→ Provided data:

★ ★ ★ ★ ★ ★ ★

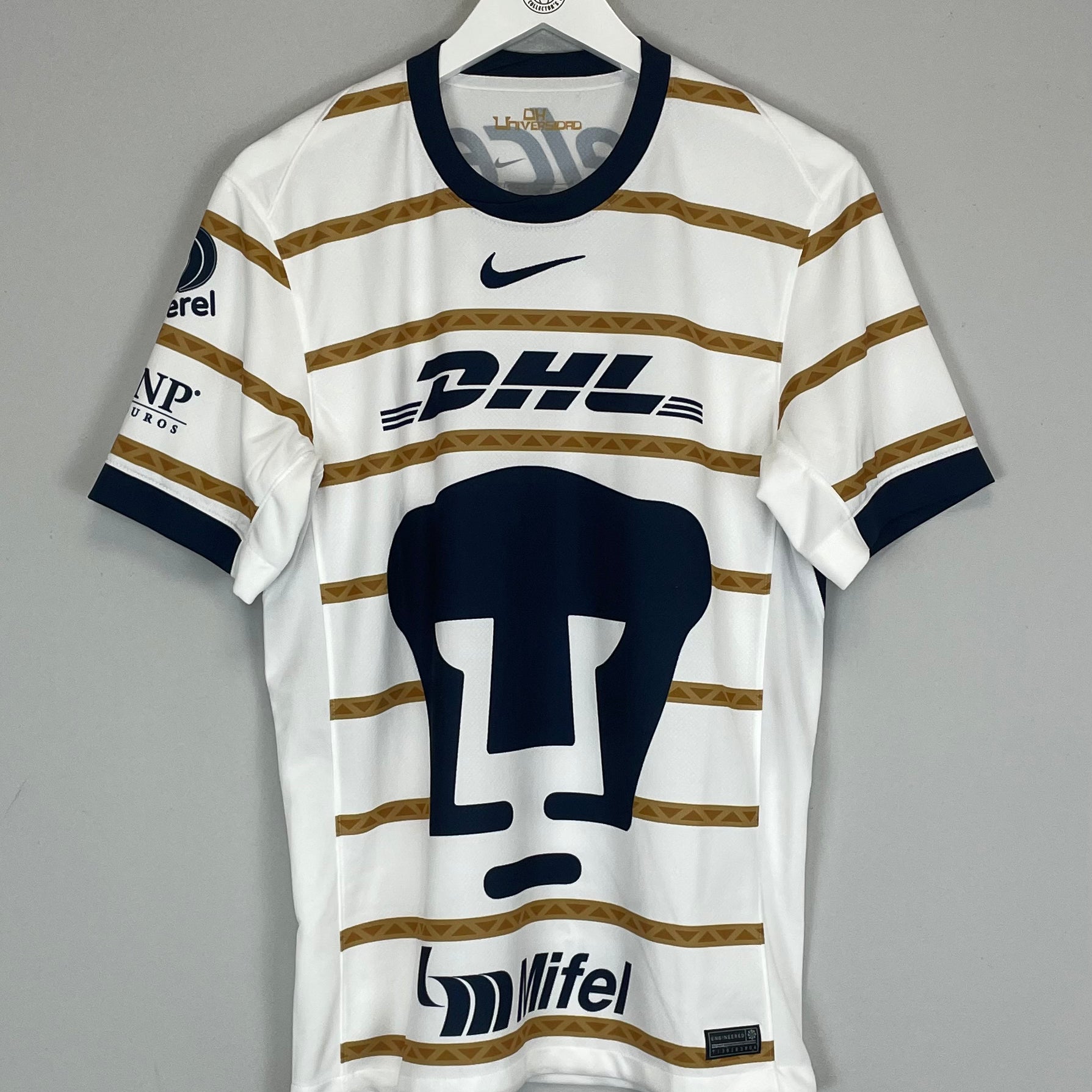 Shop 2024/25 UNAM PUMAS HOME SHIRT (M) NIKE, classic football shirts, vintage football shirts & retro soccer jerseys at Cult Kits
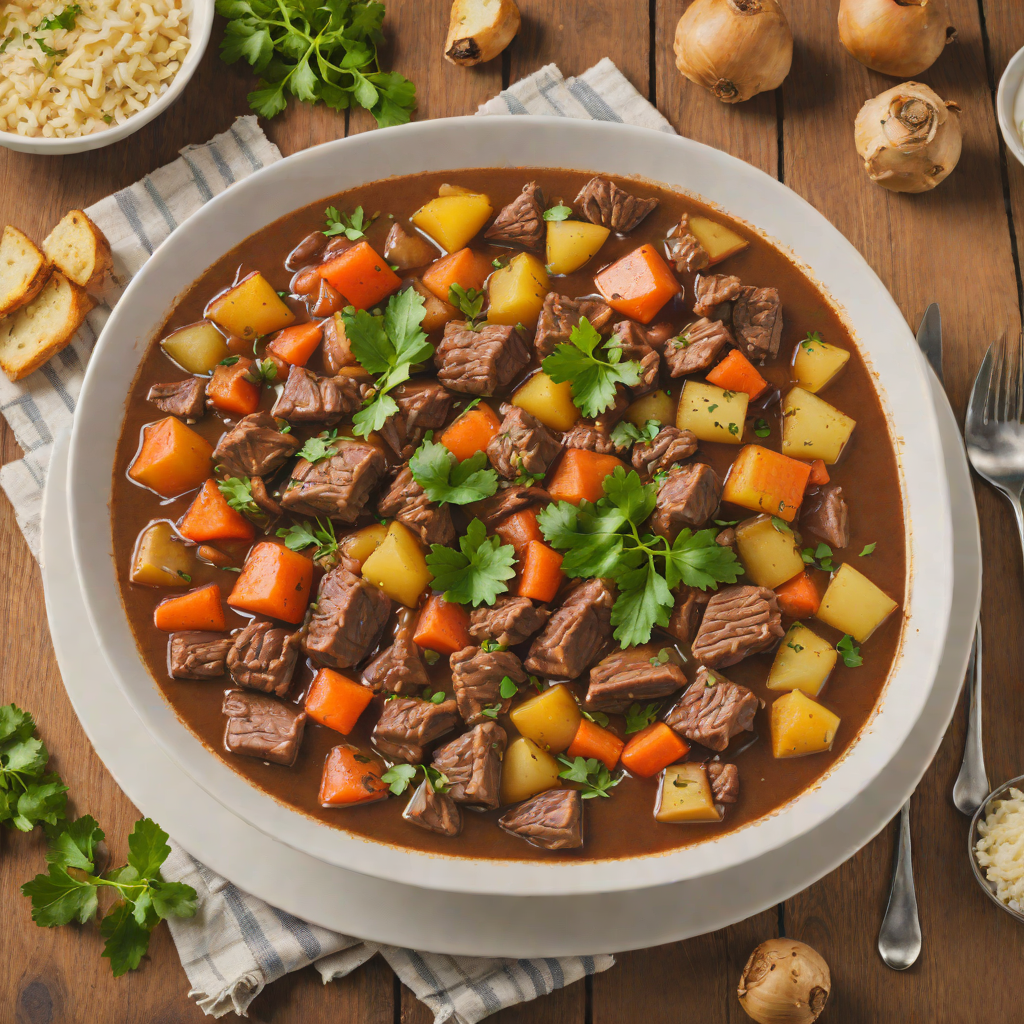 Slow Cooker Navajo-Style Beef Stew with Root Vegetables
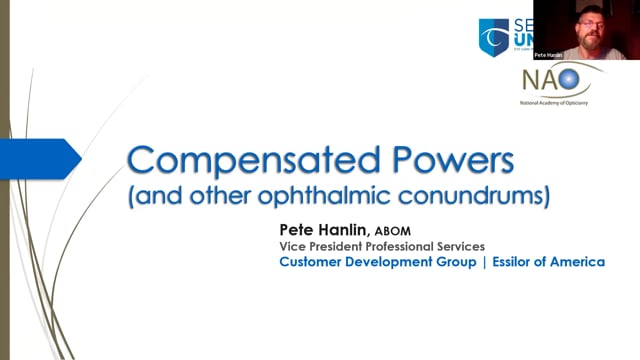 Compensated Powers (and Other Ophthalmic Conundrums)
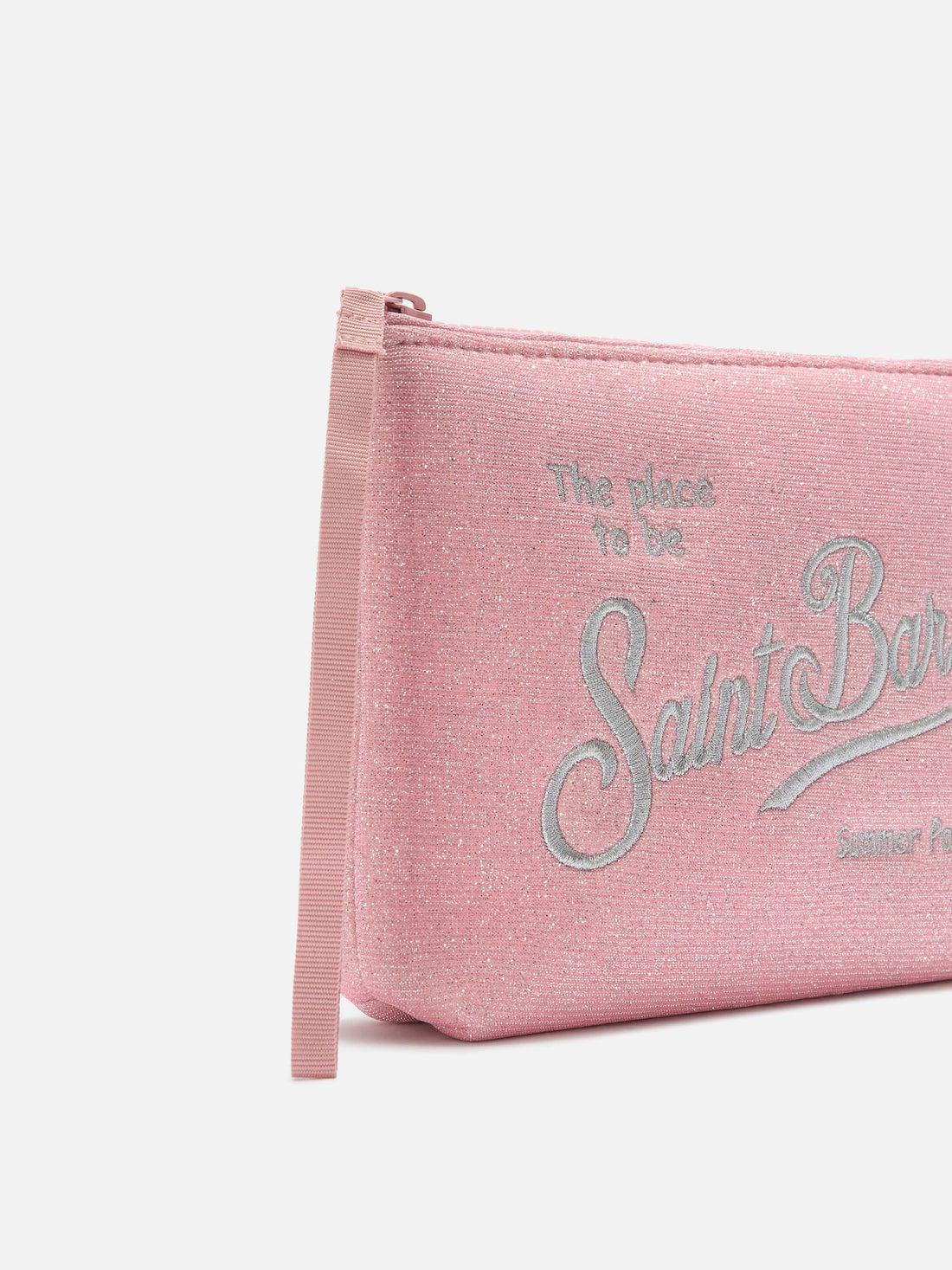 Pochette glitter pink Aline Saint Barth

★ ★ ★ ★ ★ ★ ★

→ The problem: Each line of the data above should be reproduced without alteration, and no picture should appear in the copy.

→ Completed task:
 Shop 2024/25 UNAM PUMAS HOME SHIRT (M) NIKE, classic football shirts, vintage football shirts & retro soccer jerseys at Cult Kits
 Slow Cooker Navajo-Style Beef Stew with Root Vegetables
 Compensated Powers (and Other Ophthalmic Conundrums)
 Pochette glitter pink Aline Saint Barth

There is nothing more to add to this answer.